Task item:
What's wanted is each entry repeated verbatim, minus its images.

[Web page caption snippets]
******

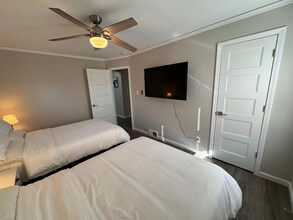 1607 Catalpa Dr in Royal Oak, MI - Foto de edificio - Building Photo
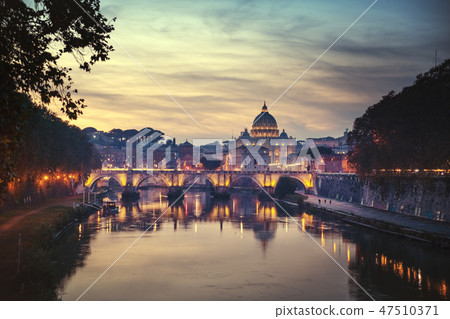 Tiber and St Peter Basilica in Vatican 47510371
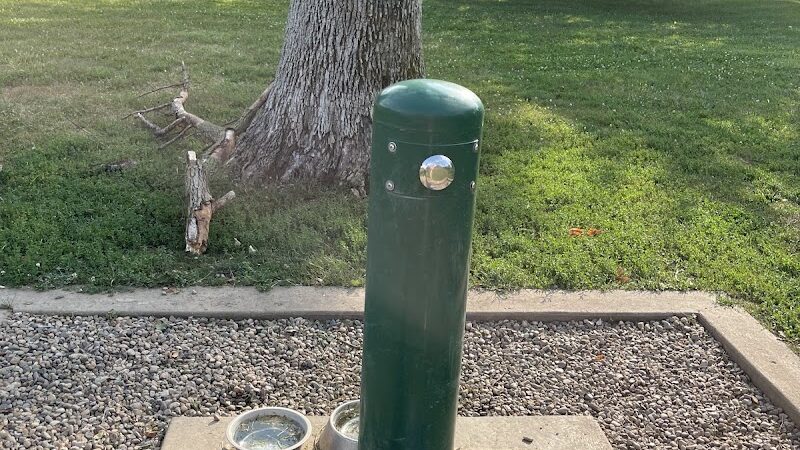 Happy Tails Dog Park - Pekin, IL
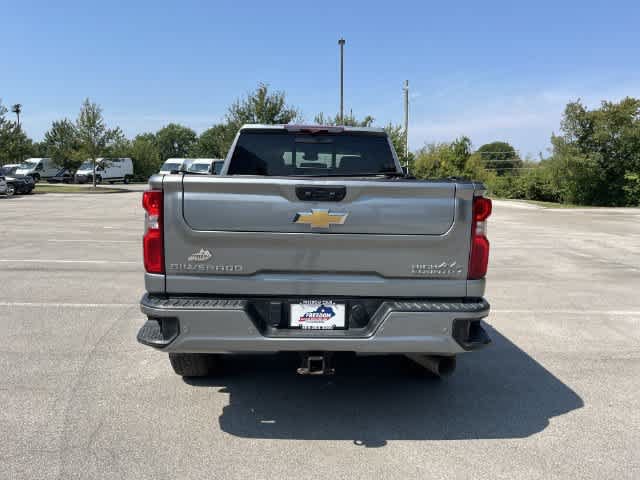 Used 2024 Chevrolet Silverado 2500 High Country w/ High Country Premium Package AWD/4WD image 7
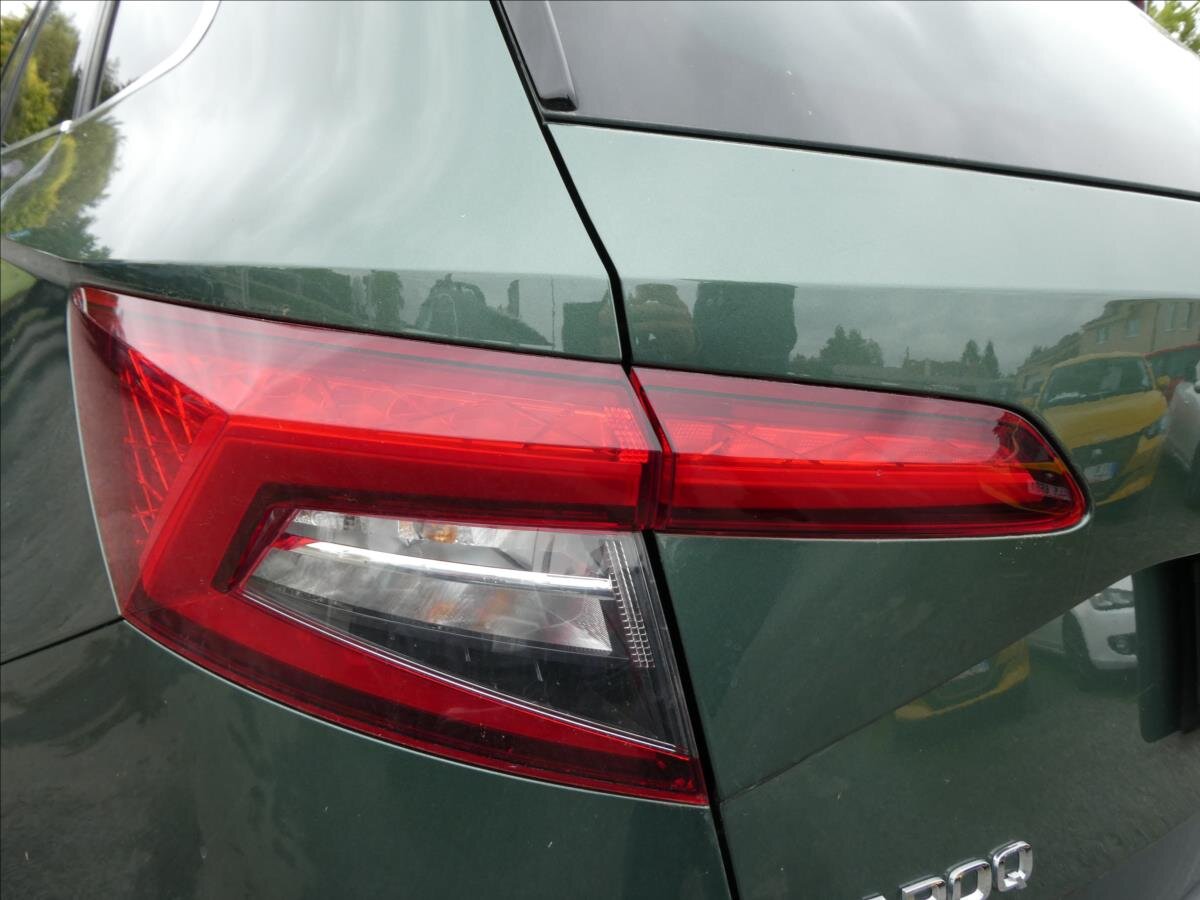 Škoda Karoq SUV 1,6 l 85 kw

******

Finished exercise:
 1607 Catalpa Dr in Royal Oak, MI - Foto de edificio - Building Photo
 Tiber and St Peter Basilica in Vatican 47510371
 Happy Tails Dog Park - Pekin, IL
 Used 2024 Chevrolet Silverado 2500 High Country w/ High Country Premium Package AWD/4WD image 7
 Škoda Karoq SUV 1,6 l 85 kw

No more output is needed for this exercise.